Lloyd’s Chairman Sax Riley told an audience of 600 insurance professionals in Milan, Italy that the way in which business organizations manage the risks they face is becoming an increasingly important factor in the price they pay for their insurance.
Riley stated that, contrary to the 1990’s when low rates were the norm, the return to hard market conditions in the industry meant that insurers were now able to offer greater discounts for good risk management. “We are now seeing a return to the concept of payback for improvements to risk management practice. Right now, a good risk manager is worth his or her weight in gold.”
“In the soft cycle of the mid-to-late 90s, it was virtually impossible to discount premium rates that were already cut to the bone,” Riley continued. ‘”Now, as high rates are encouraging insurers and their clients to work together closely, insurers have more opportunity to encourage and reward best practice risk management techniques.”

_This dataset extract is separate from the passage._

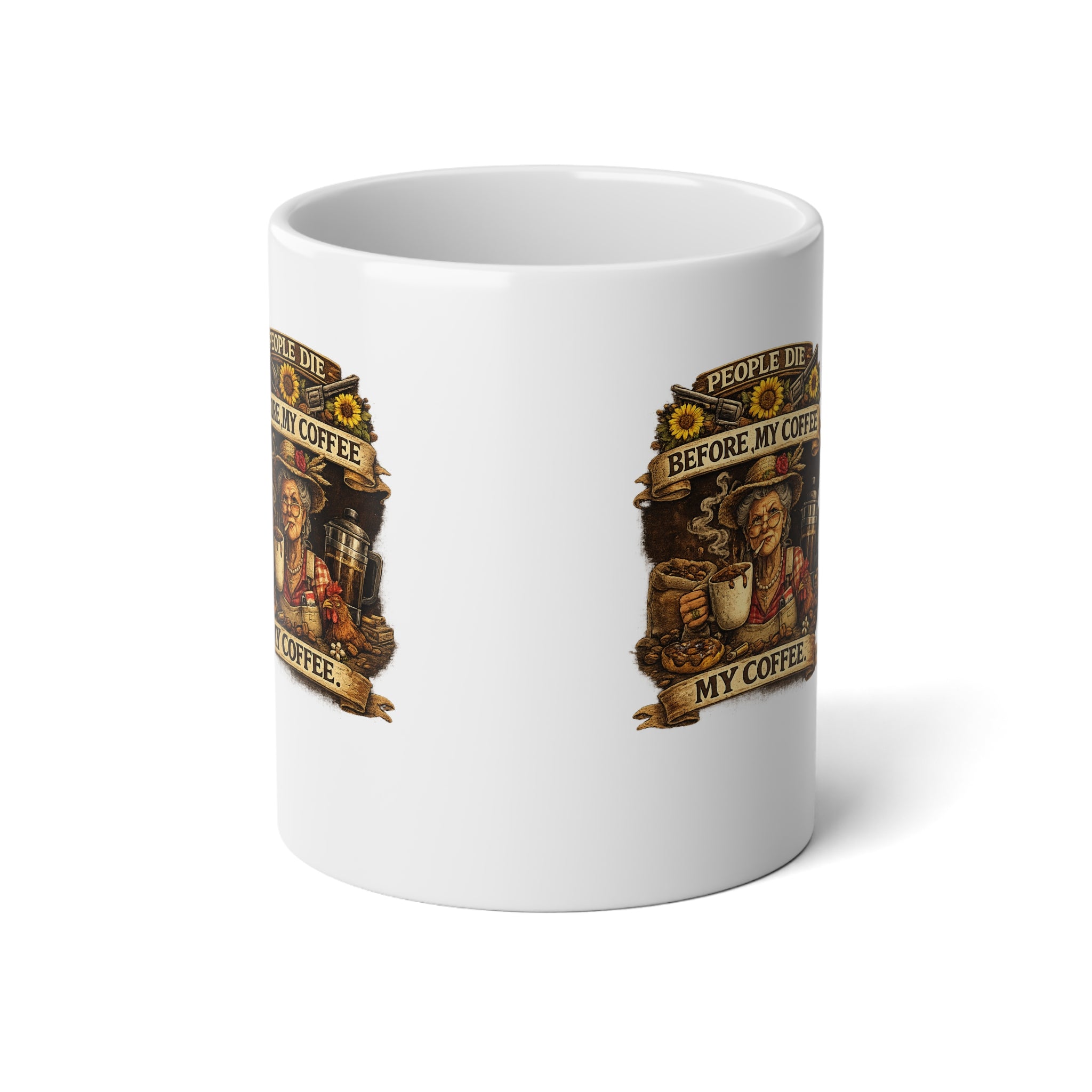20oz Jumbo Coffee Mug — "People Die Before My Coffee" Vintage Farmhouse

He indicated that with the discounts available insurance intermediaries have found it much easier to sell risk management advice to their clients, and pointed out that “risks that do not aggregate or correlate are currently extremely attractive to the market in this post-September 11 period, it is increasingly important to examine ways of creating risk separation and looking at risk in different ways.”
As an example Riley pointed to the availability of price discounts of up to 35 percent in Texas homeowners policies for fitting approved hail resistant roofing.
The bulletin went on to note that “Businesses can receive discounts on the price of their insurance for a wide range of risk management measures including fitting improved fire safety equipment, improving security, instituting new safety policies for staff, or retaining a greater proportion of their own risk.”